/news/currentevents
Navigation

Cafouillage dans les uniformes à la SQ

Les uniformes revampés de la Sûreté du Québec sont au cœur d’un cafouillage.
Photo courtoisie Les uniformes revampés de la Sûreté du Québec sont au cœur d’un cafouillage.

Coup d'oeil sur cet article

Ratés dans les commandes, défauts de fabrication, retards de livraison : les uniformes revampés de la Sûreté du Québec sont au cœur d’un cafouillage, a appris notre Bureau parlementaire.

La Sûreté du Québec dévoilait en mai 2016 les futures couleurs de son uniforme. Jadis vert olive, les pantalons, casquettes et vestes pare-balles virent au noir. Les chemises, blanches et beiges, laissent quant à elles place au kaki qui caractérise le service depuis 60 ans.
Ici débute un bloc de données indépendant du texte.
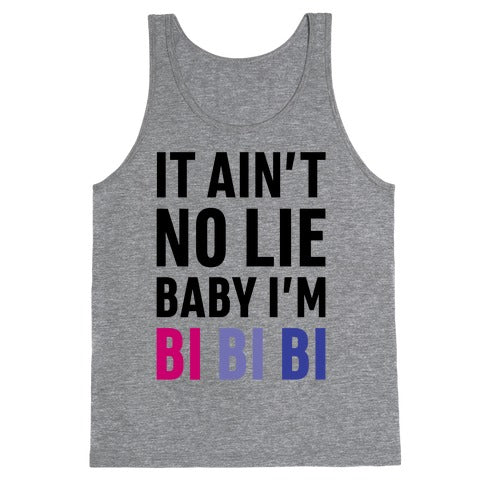 Baby I'm BI BI BI Tank Top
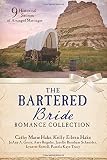 The Bartered Bride Romance Collection: 9 Historical Stories of Arranged Marriages by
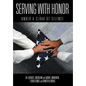 Serving with Honor: Under a Cloak of Silence - Hardcover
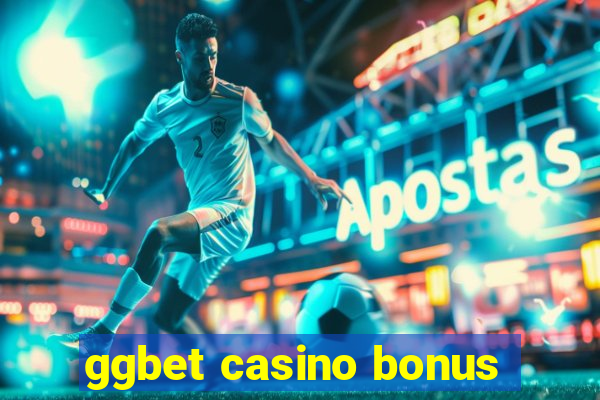 ggbet casino bonus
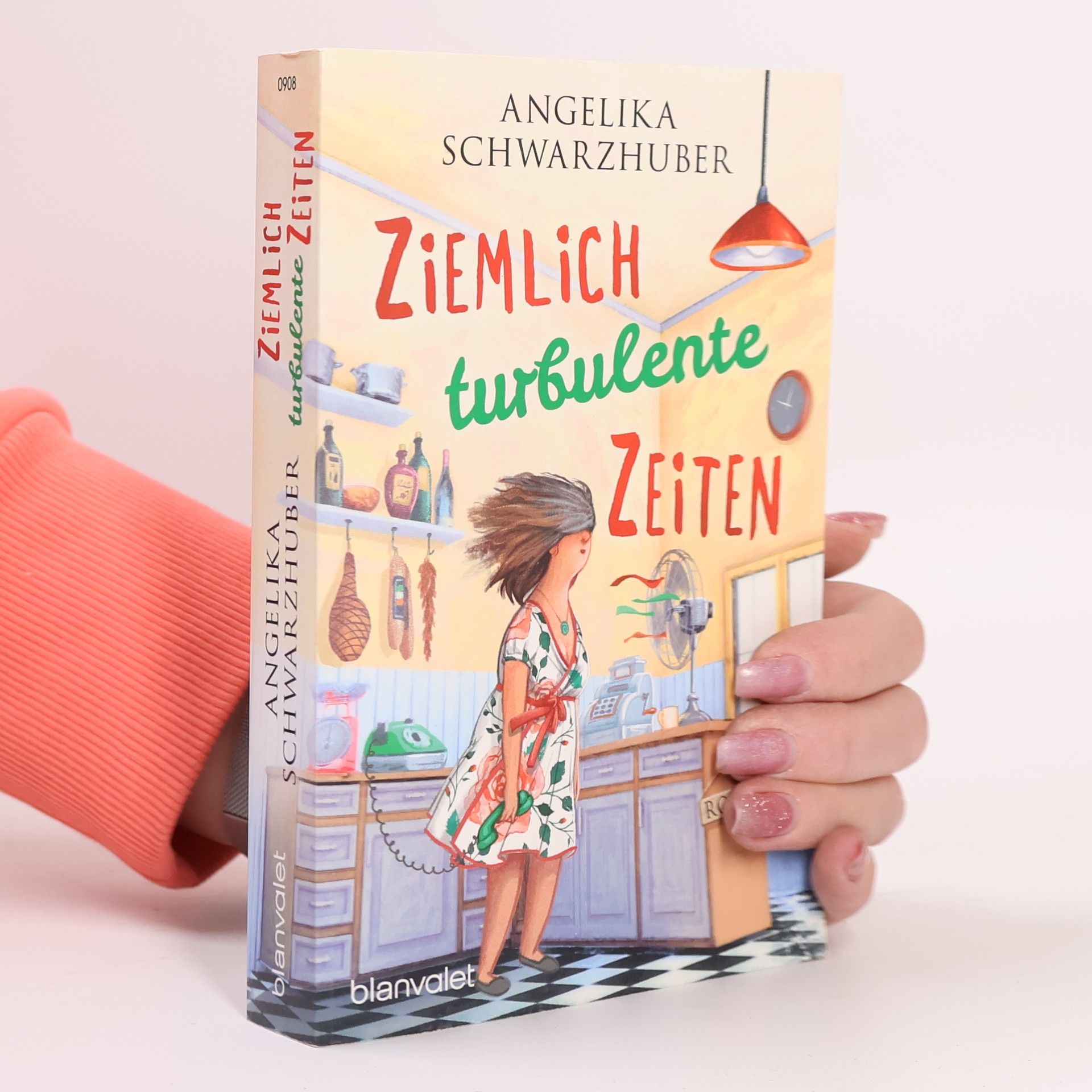 Angelika Schwarzhuber Ziemlich turbulente Zeiten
Les 5526 policiers et officiers provinciaux devaient mettre la main sur leurs habits au printemps 2017. Ils attendent toujours. «Il n’y a rien de rentré», confirme Pierre Veilleux, président de l’Association des policiers provinciaux du Québec (APPQ).

Selon M. Veilleux, les fournisseurs ont éprouvé plusieurs difficultés dans la confection des vêtements. Entre autres, des poches ont été mal cousues sur les pantalons et le design des chemises n’était pas conforme au devis de base.

Tout n’est pas perdu. Les policiers ont tout de même reçu les housses de veste pare-balles en plus de leur casquette. «Mais plusieurs membres se sont plaints que l’écusson était cousu de travers», ironise M. Veilleux.

À la poubelle

La SQ confirme l’ensemble de ces problématiques. Les morceaux non conformes ont été retournés aux différents fournisseurs retenus en appel d’offres. La «grande majorité» d’entre eux s’est remise au travail. Certains peinent toutefois à livrer en quantité suffisante, reconnaît le lieutenant Jason Allard.

«Dans le contrat, ils doivent fournir. Sans ça, on passe au suivant», explique M. Allard. Les pièces portant des éléments faisant référence à la police devant être détruites, plusieurs éléments pourraient bien se retrouver à la poubelle. «Ce qu’ils font avec, après, ça appartient aux fournisseurs», résume-t-il, sans se mouiller davantage.

«Guenilloux»

Pendant ce temps, certains policiers aux prises avec d’anciennes chemises usées se disent frustrés. «Les stocks de l’ancien uniforme ont été épuisés et le nouveau n’est pas rentré. On n’a plus de chemises de rechange. Ce n’est pas compliqué, il y en a qui ont l’air de guenilloux», illustre le chef syndical.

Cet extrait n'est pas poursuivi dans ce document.